**Brief:**
For every line in the entries that contains "Blue", show the whole line.

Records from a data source
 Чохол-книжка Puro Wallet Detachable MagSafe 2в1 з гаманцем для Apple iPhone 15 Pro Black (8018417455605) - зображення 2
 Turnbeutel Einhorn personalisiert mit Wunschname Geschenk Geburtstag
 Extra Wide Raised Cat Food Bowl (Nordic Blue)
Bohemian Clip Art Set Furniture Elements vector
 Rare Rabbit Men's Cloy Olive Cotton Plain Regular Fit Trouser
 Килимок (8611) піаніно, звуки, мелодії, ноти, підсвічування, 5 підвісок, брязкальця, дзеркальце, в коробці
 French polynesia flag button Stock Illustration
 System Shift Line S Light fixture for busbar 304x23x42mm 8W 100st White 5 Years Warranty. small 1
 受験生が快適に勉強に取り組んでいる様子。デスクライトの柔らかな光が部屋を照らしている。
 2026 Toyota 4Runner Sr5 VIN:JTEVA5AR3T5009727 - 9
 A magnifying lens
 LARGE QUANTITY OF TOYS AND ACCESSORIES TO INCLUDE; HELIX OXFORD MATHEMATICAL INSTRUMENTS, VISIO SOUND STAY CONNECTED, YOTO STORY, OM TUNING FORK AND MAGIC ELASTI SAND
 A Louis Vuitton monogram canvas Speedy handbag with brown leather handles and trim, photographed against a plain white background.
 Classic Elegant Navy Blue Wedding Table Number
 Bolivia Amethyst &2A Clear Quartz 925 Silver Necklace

**Response to the task:**
 Extra Wide Raised Cat Food Bowl (Nordic Blue)
 Classic Elegant Navy Blue Wedding Table Number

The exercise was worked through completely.